## Recorded data
'''
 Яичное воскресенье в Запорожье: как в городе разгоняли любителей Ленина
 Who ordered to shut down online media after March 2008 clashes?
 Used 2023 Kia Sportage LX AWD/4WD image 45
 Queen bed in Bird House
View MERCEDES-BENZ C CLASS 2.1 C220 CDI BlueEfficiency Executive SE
'''
'''
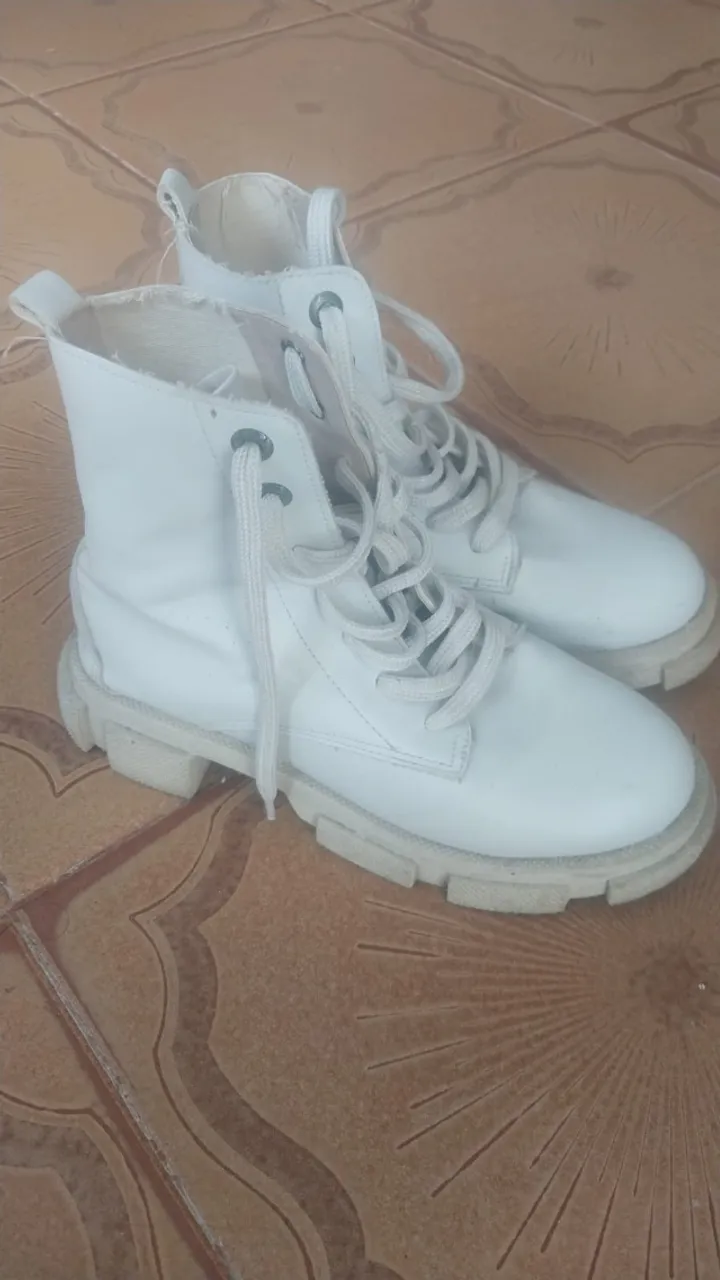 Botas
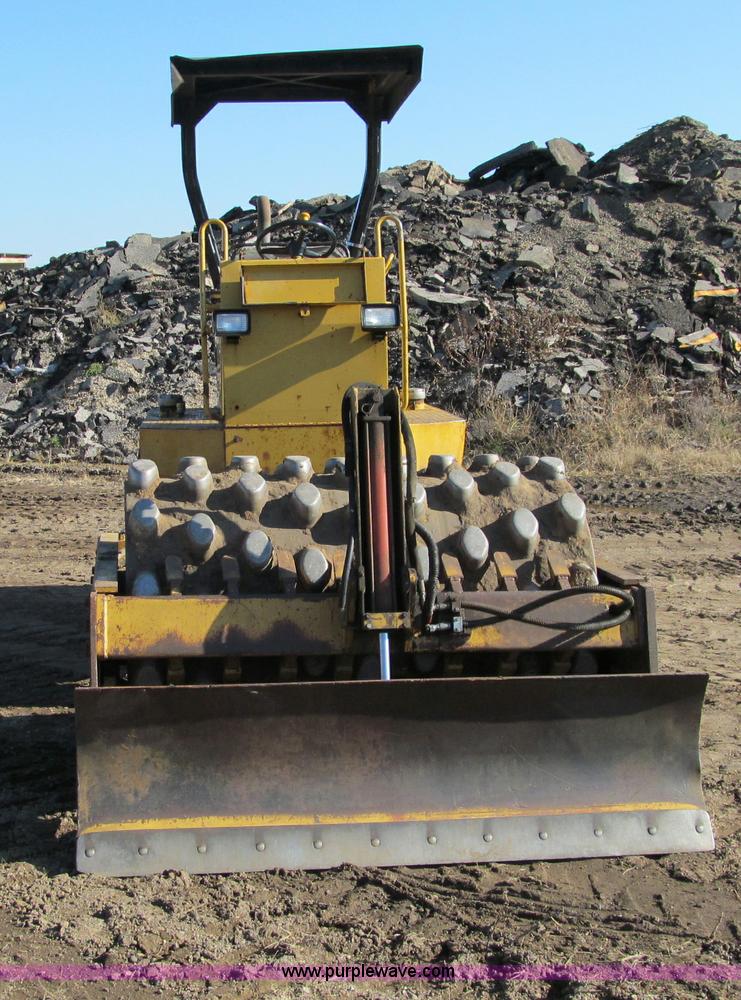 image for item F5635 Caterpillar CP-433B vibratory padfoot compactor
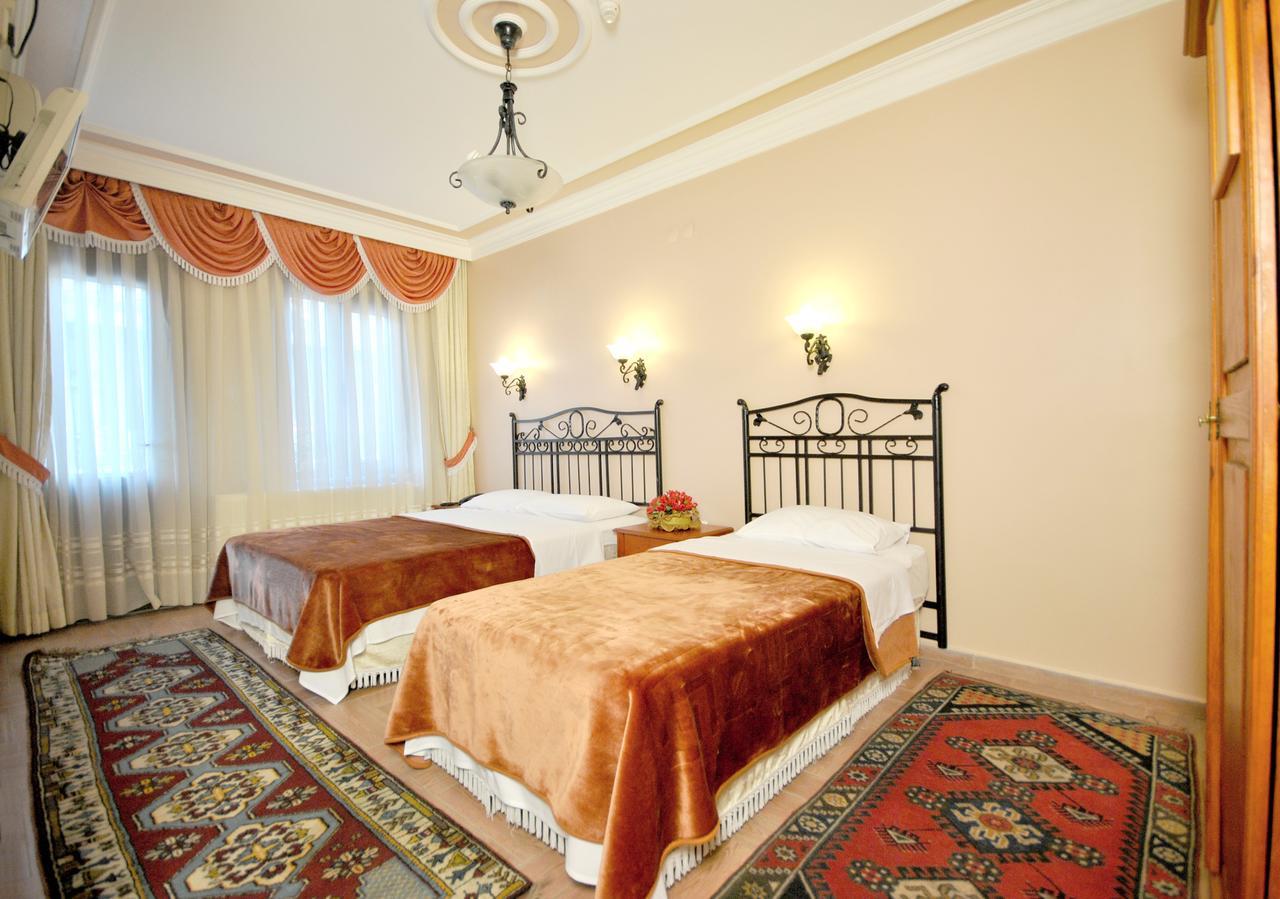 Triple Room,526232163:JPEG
'''
## Task description
From the entries above, return exactly the line containing "Яичное воскресенье в", the line containing "View MERCEDES-BENZ C", and all lines between, and nothing else.

## Response to this task
 Яичное воскресенье в Запорожье: как в городе разгоняли любителей Ленина
 Who ordered to shut down online media after March 2008 clashes?
 Used 2023 Kia Sportage LX AWD/4WD image 45
 Queen bed in Bird House
View MERCEDES-BENZ C CLASS 2.1 C220 CDI BlueEfficiency Executive SE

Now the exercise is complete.